С Абдуловым я вначале вел психотерапевтическую работу: у него внутри достаточно мощно бушевали какие-то вихри, он опаздывал на репетиции, был, по-моему, не очень образованный мальчик. Но он раньше всех купил видеоплеер и образовался, знаете, с помощью кинематографа. Он стал запоем смотреть фильмы, те, о которых спорят, о которых говорят, и он о кинематографе знал практически все. К нему можно было обратиться, как к Дондурею (главный редактор журнала “Искусство кино”. — М.Р.).

А баушка иногда подавляла своей неуемной веселостью, криком хриплым, радостью, энергией. Она автор знаменитой фразы: “Ни один спектакль от репетиции лучше не становился”. Временами она негодовала, что я редко выпускаю спектакли, и приводила в пример Корша, у которого каждую неделю была премьера. Свое ворчание она начинала с серьезной ноты, а потом смеялась над собой, и это ее примиряло с молодыми артистами. Вокруг нее всегда была стайка молодых людей, которые слушали ее.

Муза Мастера

— Это мы с женой Ниной в Швейцарии. Наш друг Павел Черепанов повез нас в какую-то маленькую деревушку, и больше всего меня занимало то, что там протекала маленькая речушка — мелкая, но она разделяла Швейцарию и Францию.

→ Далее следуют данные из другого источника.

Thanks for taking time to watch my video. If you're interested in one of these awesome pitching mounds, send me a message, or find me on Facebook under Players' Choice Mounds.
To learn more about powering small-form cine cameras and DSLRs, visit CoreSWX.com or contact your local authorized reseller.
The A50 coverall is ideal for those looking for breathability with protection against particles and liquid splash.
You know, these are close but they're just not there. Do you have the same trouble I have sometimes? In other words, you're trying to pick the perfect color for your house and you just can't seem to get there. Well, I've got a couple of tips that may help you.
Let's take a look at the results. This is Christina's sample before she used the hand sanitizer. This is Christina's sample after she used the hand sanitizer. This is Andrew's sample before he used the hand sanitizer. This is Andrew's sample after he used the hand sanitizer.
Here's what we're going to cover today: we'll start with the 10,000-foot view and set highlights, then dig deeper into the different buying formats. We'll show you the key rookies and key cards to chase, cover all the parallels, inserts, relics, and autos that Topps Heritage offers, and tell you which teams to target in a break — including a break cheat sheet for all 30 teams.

Я понял, что иду по ленинским местам.

И моя жена Нина в этот момент испытала ко мне нежную дружескую, почти любовную страсть.

— Она муза?

— Муза, конечно. Она много сделала в моей жизни. Это она заставила меня отказаться от актерской профессии и заняться режиссурой, убедив меня, что я плохой артист. За 30 рублей я работал в Студенческом театре МГУ.

Заповеди Мастера

— Вы верите в магию чисел?

 

— Нет. Но я подвержен вере в сверхъестественные качества человека.

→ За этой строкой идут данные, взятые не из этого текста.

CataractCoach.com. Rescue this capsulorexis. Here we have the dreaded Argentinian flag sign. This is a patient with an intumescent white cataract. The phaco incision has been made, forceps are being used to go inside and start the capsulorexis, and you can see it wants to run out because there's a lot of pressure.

— Есть библейские заповеди. А есть режиссерские?

— Их замечательно сформулировал Валентин Николаевич Плучек, когда радостно провожал меня в Театр им. Ленинского комсомола. Он сказал:

• Главное, Марк, делай что хочешь, но не бери с собой в театр жену.

• Главное, Марк, помни, что вокруг тебя появится много прекрасных единомышленниц. Старайся с ними встречаться только в репетиционном зале и на сцене.

• Марк, как бы тебе ни было тяжело, не пользуйся никогда казенными деньгами. Ничего не бери у театра взаймы.

• Не используй никакое оборудование или строительный материал, который тебе предложат из фондов театра.

• Помни, что самое страшное происходит с театром и артистом на гастролях. Там люди срываются и начинают безумствовать. Помни, что это самый опасный период в жизни театра.

Вот это, пожалуй, остается незыблемым до сих пор. Единственное, я могу добавить из своего опыта вот что: когда сотрудники заглядывают в кабинет через стеклянную дверь, то художественный руководитель должен делать вид, что он сидит за столом в постоянных размышлениях.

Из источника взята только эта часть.